Approximation of Gaussian Curvature

The sizing of the bottom topography is done using the Gaussian curvature of the surface using the GaussianCurvature class.

From wikipedia, the Gaussian curvature for a surface \(f(x,y) - z = F(x,y,z) = 0\) is

\[ \begin{equation} K=-\frac{1}{|\nabla F|^4} \left|\begin{array}{cc}H(F) & \nabla F^T \\\nabla F & 0\end{array}\right|=-\frac{1}{|\nabla F|^4}\left|\begin{array}{cccc}F_{xx} & F_{xy} & F_{xz} & F_x \\F_{xy} & F_{yy} & F_{yz} & F_y \\F_{xz} & F_{yz} & F_{zz} & F_z \\F_x & F_y & F_z & 0\end{array}\right| \end{equation} \]

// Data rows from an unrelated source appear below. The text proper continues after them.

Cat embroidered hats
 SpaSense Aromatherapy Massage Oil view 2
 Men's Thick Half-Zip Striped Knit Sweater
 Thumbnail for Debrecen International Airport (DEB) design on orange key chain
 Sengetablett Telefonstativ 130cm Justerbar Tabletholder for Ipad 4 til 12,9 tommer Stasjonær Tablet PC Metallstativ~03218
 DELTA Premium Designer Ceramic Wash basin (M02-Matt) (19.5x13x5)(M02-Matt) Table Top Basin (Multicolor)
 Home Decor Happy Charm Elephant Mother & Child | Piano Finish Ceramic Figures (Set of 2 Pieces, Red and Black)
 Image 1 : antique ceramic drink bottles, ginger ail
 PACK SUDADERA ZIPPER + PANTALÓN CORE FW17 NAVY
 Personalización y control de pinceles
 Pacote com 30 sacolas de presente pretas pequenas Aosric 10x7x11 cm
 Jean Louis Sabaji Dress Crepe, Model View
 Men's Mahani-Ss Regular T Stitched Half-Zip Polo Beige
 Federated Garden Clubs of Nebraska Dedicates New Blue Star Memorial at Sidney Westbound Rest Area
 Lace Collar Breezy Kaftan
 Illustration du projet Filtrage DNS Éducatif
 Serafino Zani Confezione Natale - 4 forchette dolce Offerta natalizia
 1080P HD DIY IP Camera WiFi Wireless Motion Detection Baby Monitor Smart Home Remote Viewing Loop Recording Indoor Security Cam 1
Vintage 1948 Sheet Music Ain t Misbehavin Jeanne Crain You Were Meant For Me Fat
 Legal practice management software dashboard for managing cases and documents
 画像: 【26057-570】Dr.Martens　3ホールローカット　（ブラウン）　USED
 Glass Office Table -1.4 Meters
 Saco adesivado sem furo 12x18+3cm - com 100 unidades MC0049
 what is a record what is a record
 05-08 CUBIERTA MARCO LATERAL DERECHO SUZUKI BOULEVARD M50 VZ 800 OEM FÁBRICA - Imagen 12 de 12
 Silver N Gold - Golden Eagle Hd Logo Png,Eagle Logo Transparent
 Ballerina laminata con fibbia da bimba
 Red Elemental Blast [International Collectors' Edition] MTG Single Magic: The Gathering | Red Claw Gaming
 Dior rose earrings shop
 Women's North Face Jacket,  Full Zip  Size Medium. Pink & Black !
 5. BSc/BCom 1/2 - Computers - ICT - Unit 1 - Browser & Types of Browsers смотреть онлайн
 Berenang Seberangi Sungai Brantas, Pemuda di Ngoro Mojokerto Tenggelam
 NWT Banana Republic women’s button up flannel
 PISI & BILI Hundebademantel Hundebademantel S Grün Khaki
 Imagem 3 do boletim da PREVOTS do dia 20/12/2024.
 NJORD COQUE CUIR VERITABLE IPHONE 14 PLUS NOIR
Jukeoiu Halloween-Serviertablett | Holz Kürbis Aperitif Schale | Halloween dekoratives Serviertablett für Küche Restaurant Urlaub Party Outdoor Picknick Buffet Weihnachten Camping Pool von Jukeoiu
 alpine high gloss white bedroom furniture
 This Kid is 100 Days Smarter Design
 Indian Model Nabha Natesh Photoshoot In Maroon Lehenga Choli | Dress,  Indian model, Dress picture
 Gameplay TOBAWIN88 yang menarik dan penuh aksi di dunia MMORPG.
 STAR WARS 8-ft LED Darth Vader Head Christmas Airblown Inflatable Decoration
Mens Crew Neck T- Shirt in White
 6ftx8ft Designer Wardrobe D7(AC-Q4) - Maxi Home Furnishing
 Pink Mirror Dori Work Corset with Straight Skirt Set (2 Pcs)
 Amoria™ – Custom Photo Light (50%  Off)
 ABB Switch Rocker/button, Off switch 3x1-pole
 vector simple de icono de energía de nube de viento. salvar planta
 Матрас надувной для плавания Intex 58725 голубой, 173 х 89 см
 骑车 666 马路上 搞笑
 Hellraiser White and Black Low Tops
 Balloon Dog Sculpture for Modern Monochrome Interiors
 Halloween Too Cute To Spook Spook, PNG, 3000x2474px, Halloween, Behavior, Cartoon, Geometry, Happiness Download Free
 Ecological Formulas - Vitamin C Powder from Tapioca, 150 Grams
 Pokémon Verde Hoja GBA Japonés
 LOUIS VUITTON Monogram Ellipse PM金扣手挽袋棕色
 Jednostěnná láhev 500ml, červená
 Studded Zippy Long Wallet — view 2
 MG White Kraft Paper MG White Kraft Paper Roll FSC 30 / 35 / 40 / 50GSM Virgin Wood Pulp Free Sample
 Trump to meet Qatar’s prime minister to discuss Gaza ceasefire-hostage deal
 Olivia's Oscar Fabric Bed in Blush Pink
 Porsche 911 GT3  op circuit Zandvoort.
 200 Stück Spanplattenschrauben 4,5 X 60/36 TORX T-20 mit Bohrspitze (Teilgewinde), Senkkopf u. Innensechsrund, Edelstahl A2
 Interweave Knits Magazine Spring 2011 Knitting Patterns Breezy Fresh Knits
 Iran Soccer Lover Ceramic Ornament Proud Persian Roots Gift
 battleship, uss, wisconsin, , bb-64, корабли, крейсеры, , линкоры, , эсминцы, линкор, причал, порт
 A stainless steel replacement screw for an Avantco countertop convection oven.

where \(H\) is the Hessian matrix.

Filling in the derivatives,

\[ \begin{equation} K=-\frac{1}{|\nabla F|^4}\left|\begin{array}{cccc}f_{xx} & f_{xy} & 0 & f_x \\f_{xy} & f_{yy} & 0 & f_y \\0 & 0 & 0 & -1 \\f_x & f_y & -1 & 0\end{array}\right| \end{equation} \]

where \(|\nabla F|^4 = (f_x^2 + f_y^2 + 1)^2\).

Then

\[ \begin{equation}\begin{split} -{|\nabla F|^4}K &= \left|\begin{array}{cccc}f_{xx} & f_{xy} & 0 & f_x \\f_{xy} & f_{yy} & 0 & f_y \\0 & 0 & 0 & -1 \\f_x & f_y & -1 & 0\end{array}\right| \\[0.2cm] &= f_{xx}\left|\begin{array}{ccc}f_{yy} & 0 & f_y \\0 & 0 & -1 \\f_y & -1 & 0\end{array}\right| - f_{xy}\left|\begin{array}{ccc}f_{xy} & 0 & f_y \\0 & 0 & -1 \\f_x & -1 & 0\end{array}\right| -f_x\left|\begin{array}{ccc}f_{xy} & f_{yy} & 0 \\0 & 0 & 0 \\f_x & f_y & -1\end{array}\right| \\[0.2cm] &= f_{xx}f_{yy}-f^2_{xy} \end{split} \end{equation} \]

So, finally,

\[ \begin{equation} K = \frac{f_{xx}f_{yy}-f^2_{xy}}{ (f_x^2 + f_y^2 + 1)^2} \end{equation} \]

Example: For a sphere, \(z = \sqrt{1 - (x^2+y^2)}= f(x,y)\), \(K=1\).

To approximate \(K\), we compute a centered finite difference approximation to the first derivatives

\[ \begin{equation} \begin{gathered} f_x\approx \frac{f(x+h,y) - f(x-h,y)}{2h}\\[0.2cm] f_y\approx \frac{f(x,y+h) - f(x,y-h)}{2h}\\ \end{gathered} \end{equation} \]

and similarly for the second derivatives,

\[ \begin{equation} \begin{gathered} f_{xx} \approx \frac{f(x+h,y) -2f(x,y) + f(x-h,y)}{h^2}\\[0.2cm] f_{yy} \approx \frac{f(x,y+h) -2f(x,y) + f(x,y+h)}{h^2}\\[0.2cm] f_{xy} = f_{yx}\approx \frac{f(x+h,y+h) - f(x-h,y+h)- f(x+h,y-h) + f(x-h,y-h)}{4\Delta x\Delta y} \end{gathered} \end{equation} \]

The step size is taken to be \(h = 10^{-4}\).